◆ Problem to work on ◆
Take the entries below and print only the lines from the one with "Euroline Alu-Dachdecker-Auflegeleiter Nr." through the one with "Can Dogs Eat Mango?", exactly as they stand, both ends included.

◆ Dataset excerpts ◆

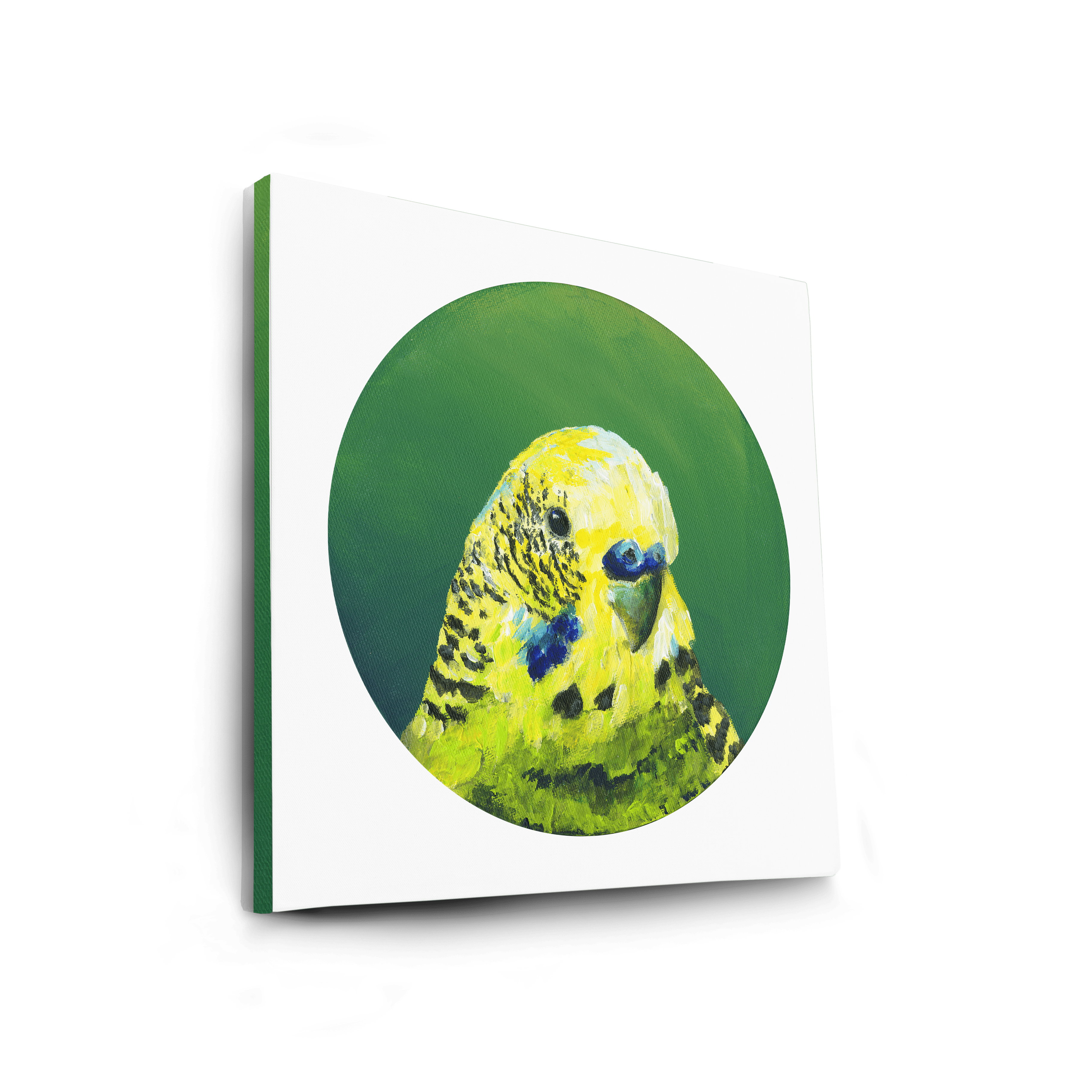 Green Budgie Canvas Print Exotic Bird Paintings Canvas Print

...

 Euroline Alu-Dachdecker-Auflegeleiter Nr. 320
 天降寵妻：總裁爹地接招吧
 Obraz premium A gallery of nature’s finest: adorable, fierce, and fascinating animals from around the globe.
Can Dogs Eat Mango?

==

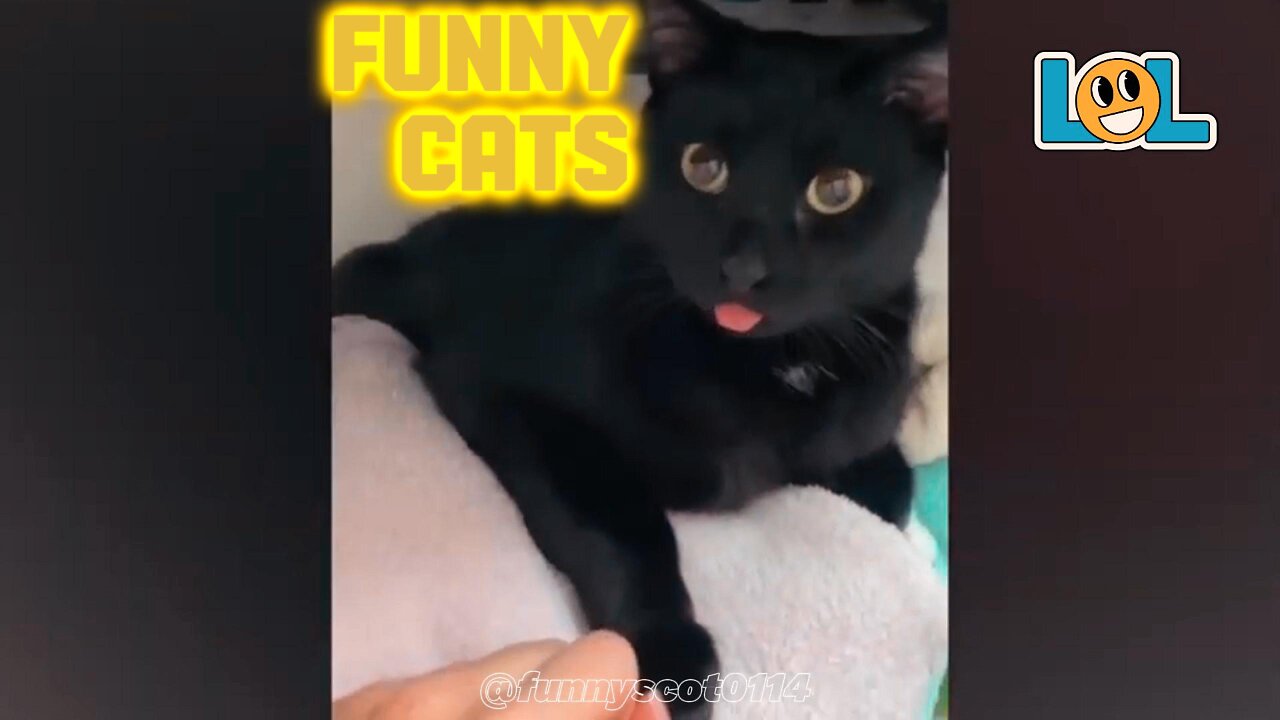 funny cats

◆ Exercise result ◆
 Euroline Alu-Dachdecker-Auflegeleiter Nr. 320
 天降寵妻：總裁爹地接招吧
 Obraz premium A gallery of nature’s finest: adorable, fierce, and fascinating animals from around the globe.
Can Dogs Eat Mango?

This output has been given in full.